Document management systems go to court

27.12.2005
Two proposed amendments to the federal Rules of Civil Procedure, if passed by Congress, will have a major impact on corporations and their IT departments. One expert I spoke with called the situation a legal Chernobyl.

The two proposals are specifically targeted at electronic discovery. First, the proposed amendments to Rule 26 will require attorneys for both parties to a litigation in Federal court to sit down prior to the proceedings to discuss their clients' document management systems. That's right; you read that correctly.

The rule also requires each company to designate a spokesperson for its IT group. This is the first time the courts are bringing IT directly into litigation, according to Trent Dickey, attorney with Sills, Cummis, Epstein & Gross.

Next up, Rule 37(f), also called a safe harbor rule, says that corporations that have lost information but have otherwise acted in good faith cannot be sanctioned. Congress is expected to take action on this rule, one way or the other, by December 2006.

It is probably easiest to comprehend the importance of the changes to Rules 26 and 37(f) by looking at what happens when you don't manage documents properly. In Zubulake v. UBS Warburg, the judge instructed the jury that it was legitimate to presume that the information Warburg could not provide due to lost backup tapes and e-mails was probably damaging to the company's case. Zubulake was awarded $20 million.
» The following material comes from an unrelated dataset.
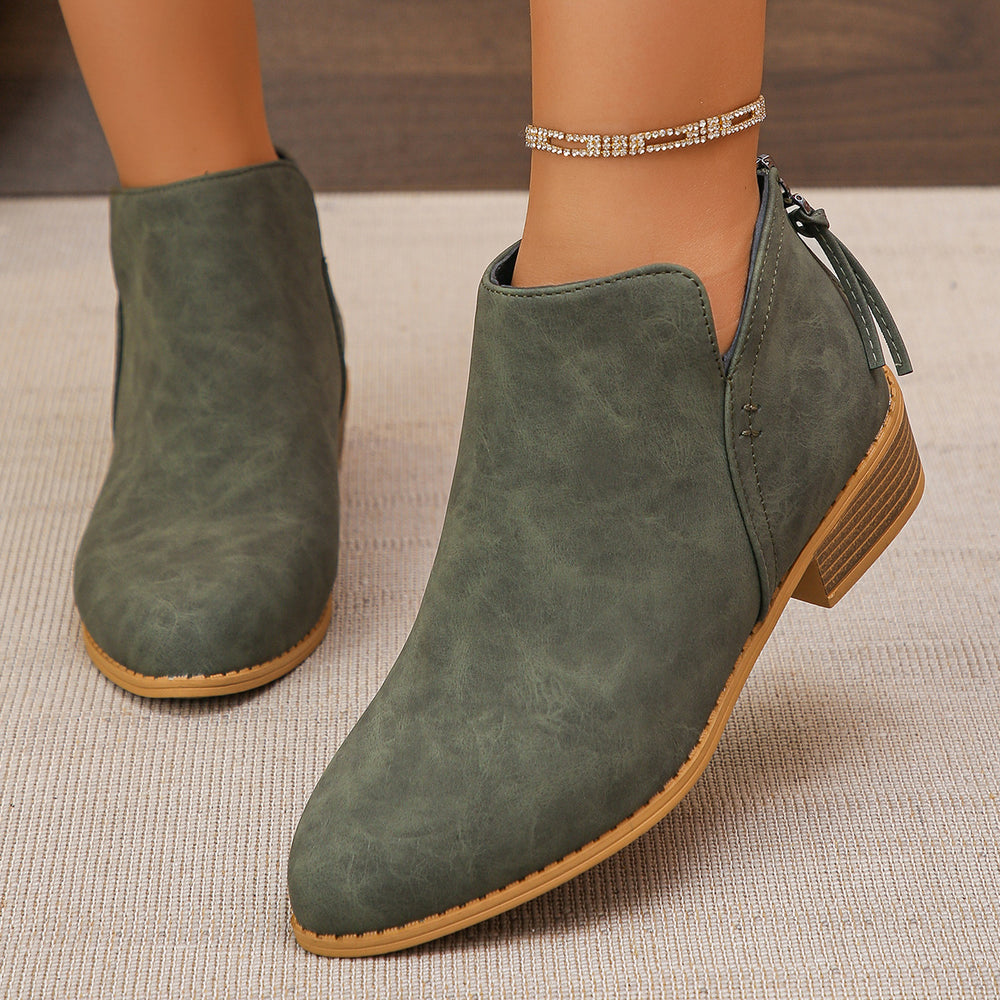 Fashionexportplus size leather boots women's boots pure colorslimming look pointed toe back zipper casualthick sole thick heel boots women's single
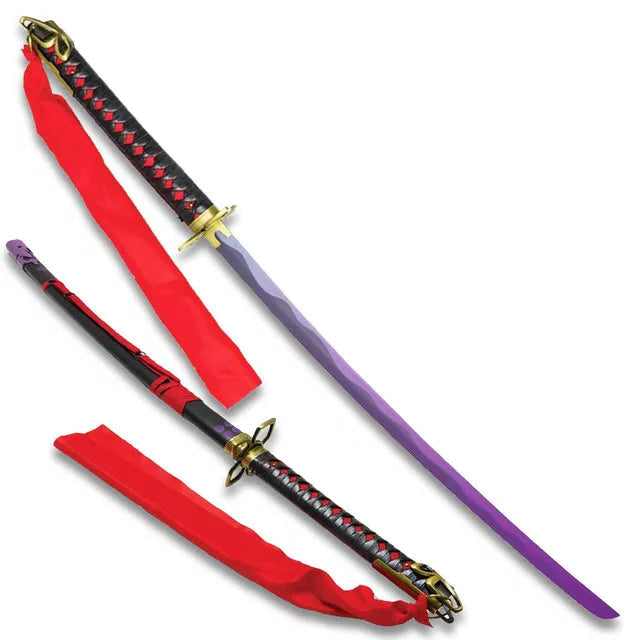 Wrapped handle with black cord and red ribbon on Psylocke prop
According to Dickey, both this case and the more widely known Morgan Stanley case, which resulted in fines of $1.45 billion under similar circumstances, were decided 100 percent due to technology -- or rather, due to lack of good technology. If the changes to Rule 26 pass Congress and Rule 37(f) is shot down, next year there could be an awful lot of companies in the same boat as UBS Warburg and Morgan Stanley.